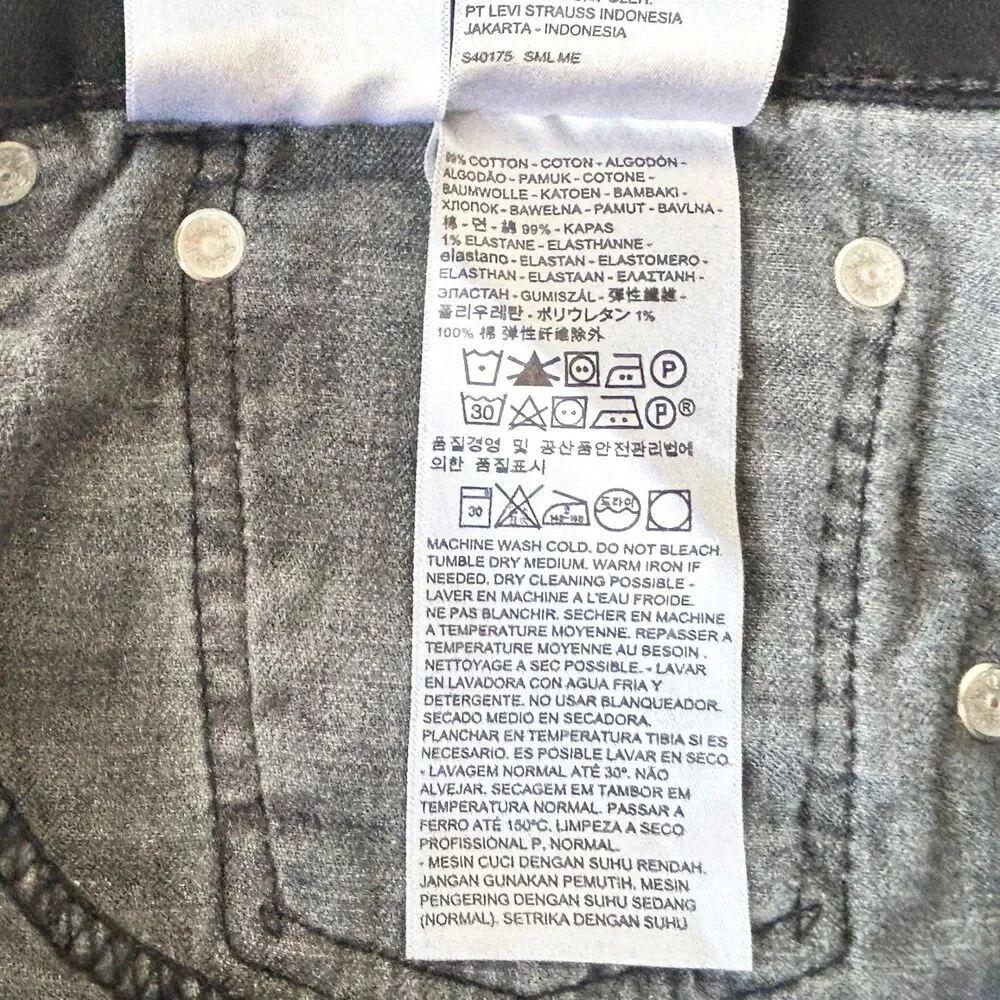 Levi's 511 Slim Fit Black Denim Jeans Zip Fly #04511-4406 Mens W32 x L30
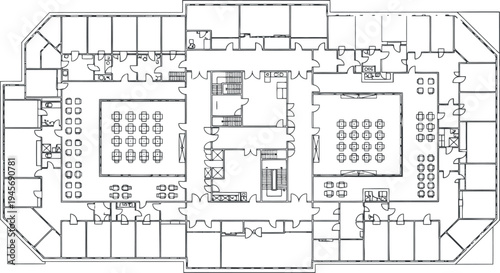 Floor plan of a large building with multiple rooms and corridors isolated on transparent background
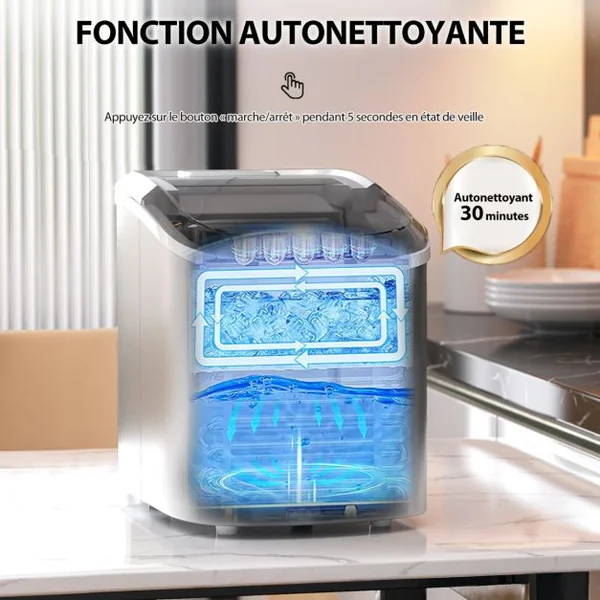 Machine à Glaçons Portable 12 kg/24H 2 Formats de Glaçons 6-13 Minutes Réservoir d'Eau 2,2 L avec Pelle Panier Amovible Argenté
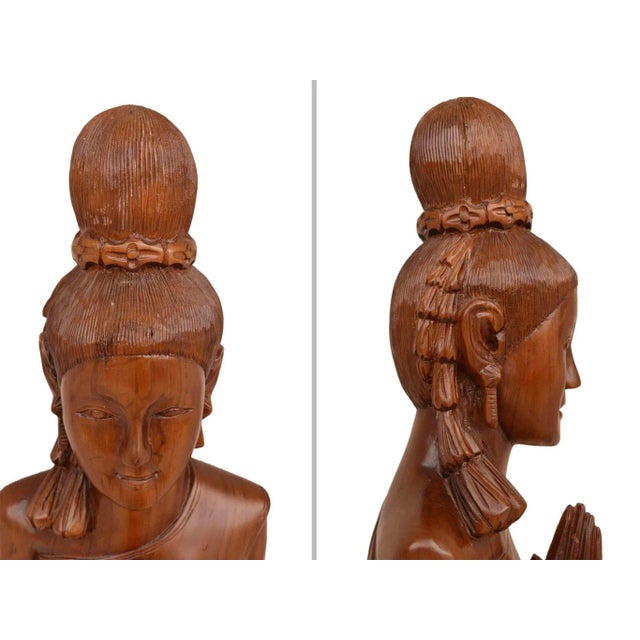 Wood Mid 20th Century Life Size Hand Carved Solid Wood Sawasdee Thai Women Greeter Statue For Sale - Image 7 of 11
++++++++++++++++++++
◆ REQUIRED WORK ◆
Give back exactly the lines from the one that contains "Floor plan of" to the final line of the data above, both included, with all pictures removed.

◆ ANSWER TO THE EXERCISE ◆
 Floor plan of a large building with multiple rooms and corridors isolated on transparent background
 Machine à Glaçons Portable 12 kg/24H 2 Formats de Glaçons 6-13 Minutes Réservoir d'Eau 2,2 L avec Pelle Panier Amovible Argenté
 Wood Mid 20th Century Life Size Hand Carved Solid Wood Sawasdee Thai Women Greeter Statue For Sale - Image 7 of 11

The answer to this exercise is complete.